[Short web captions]
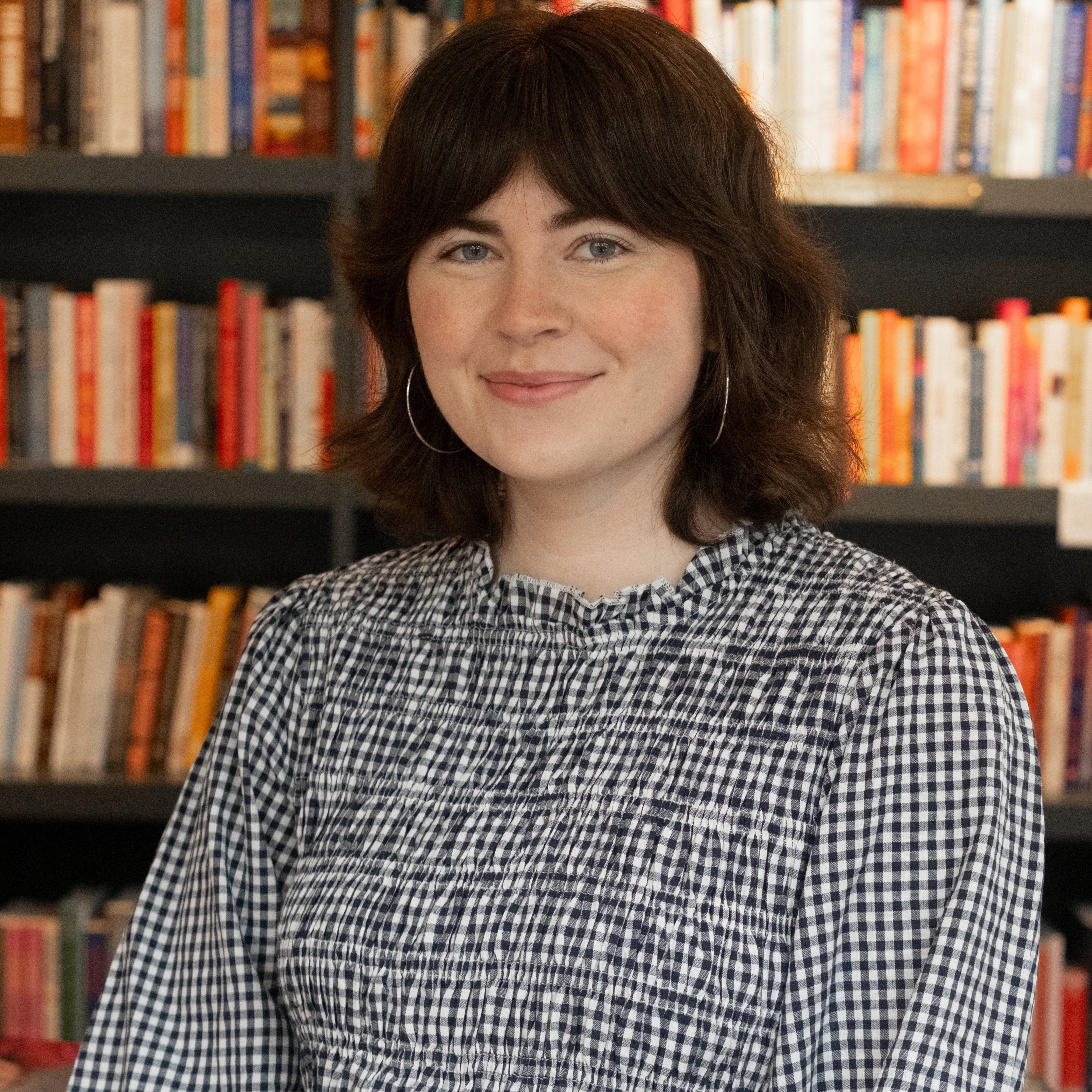 Mikayla Romeril in front of a row of books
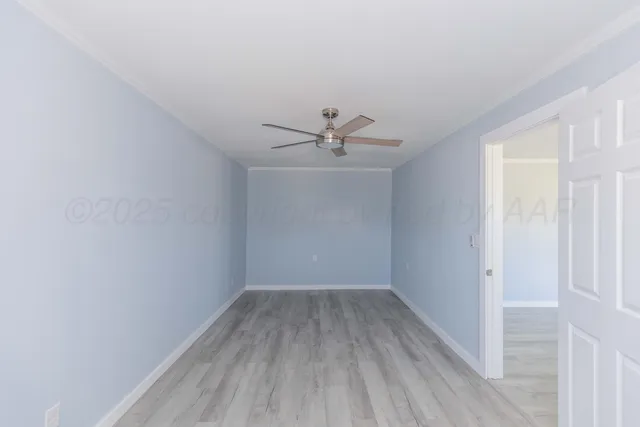 a view of a room with wooden floor fan and windows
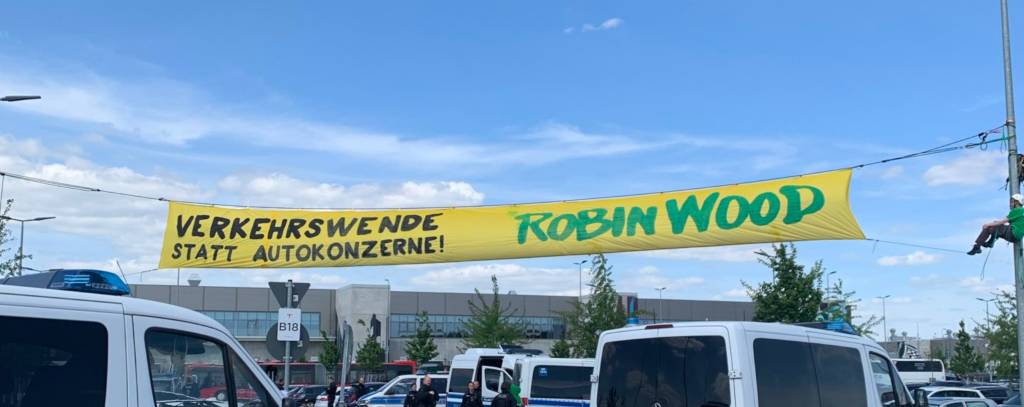 Bannerprotest gegen den Ausbau des Tesla-Werks in Grünheide (ROBIN WOOD / Timo Knorr) Protestbanner zwischen Laternen vor dem Tesla-Werk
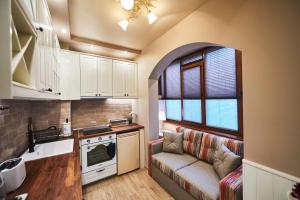 a living room with a couch in a kitchen at Apartment AlPreMira in Varna City +36 photos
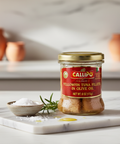 Jar of Callipo yellowfin tuna fillets in olive oil on a marble surface with a blurred kitchen background.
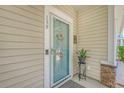 Inviting front entrance with a glass storm door, decorative wreath, and house number at 139 Gaslight Blvd, Summerville, SC 29483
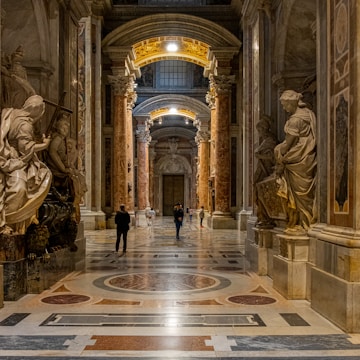 a couple of people that are standing in a hallway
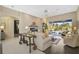 Bright and airy living room with access to the backyard and pool at 2123 Calusa Lakes Blvd, Nokomis, FL 34275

- **Problem statement**
The entries are to be transcribed in full. Their pictures are not.

- **Expected answer**
 Mikayla Romeril in front of a row of books
 a view of a room with wooden floor fan and windows
 Bannerprotest gegen den Ausbau des Tesla-Werks in Grünheide (ROBIN WOOD / Timo Knorr) Protestbanner zwischen Laternen vor dem Tesla-Werk
 a living room with a couch in a kitchen at Apartment AlPreMira in Varna City +36 photos
 Jar of Callipo yellowfin tuna fillets in olive oil on a marble surface with a blurred kitchen background.
 Inviting front entrance with a glass storm door, decorative wreath, and house number at 139 Gaslight Blvd, Summerville, SC 29483
 a couple of people that are standing in a hallway
 Bright and airy living room with access to the backyard and pool at 2123 Calusa Lakes Blvd, Nokomis, FL 34275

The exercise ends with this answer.